* Work item *
Any images in the records should be skipped; transcribe the rest exactly.

*** Data section Section Begins ***

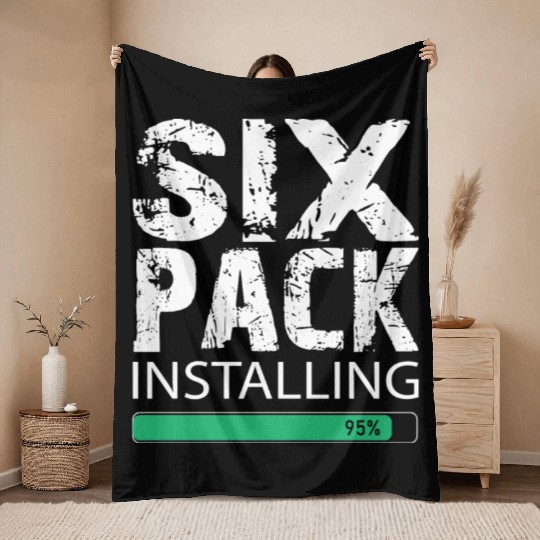 Six Pack Installing Throw Blankets Gym Workout Body Fit
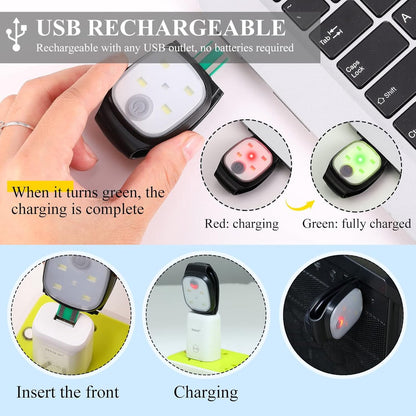 Clip-on outdoor running light, LED flashlight, USB rechargeable, reflective plastic safety light, accessory V1188-MS-313-0347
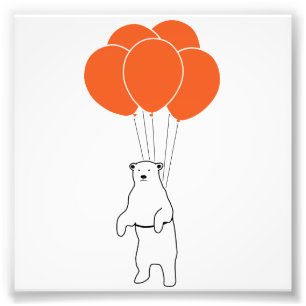 Impression Photo Ours blanc volant avec des ballons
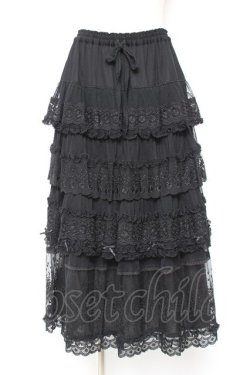 画像1: PINK HOUSE / ドットチュール×オリジナルローズチュールレーススカート F 黒 Y-25-12-20-097-LO-SK-SZ-ZY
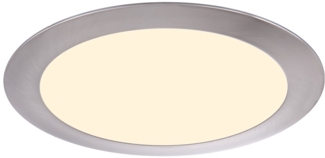 LED Einbaulampe, nickel-matt, opal, rund, D 17 cm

*** Data section Section Ends ***

* Answer space *
 Six Pack Installing Throw Blankets Gym Workout Body Fit
 Clip-on outdoor running light, LED flashlight, USB rechargeable, reflective plastic safety light, accessory V1188-MS-313-0347
 Impression Photo Ours blanc volant avec des ballons
 画像1: PINK HOUSE / ドットチュール×オリジナルローズチュールレーススカート F 黒 Y-25-12-20-097-LO-SK-SZ-ZY
 LED Einbaulampe, nickel-matt, opal, rund, D 17 cm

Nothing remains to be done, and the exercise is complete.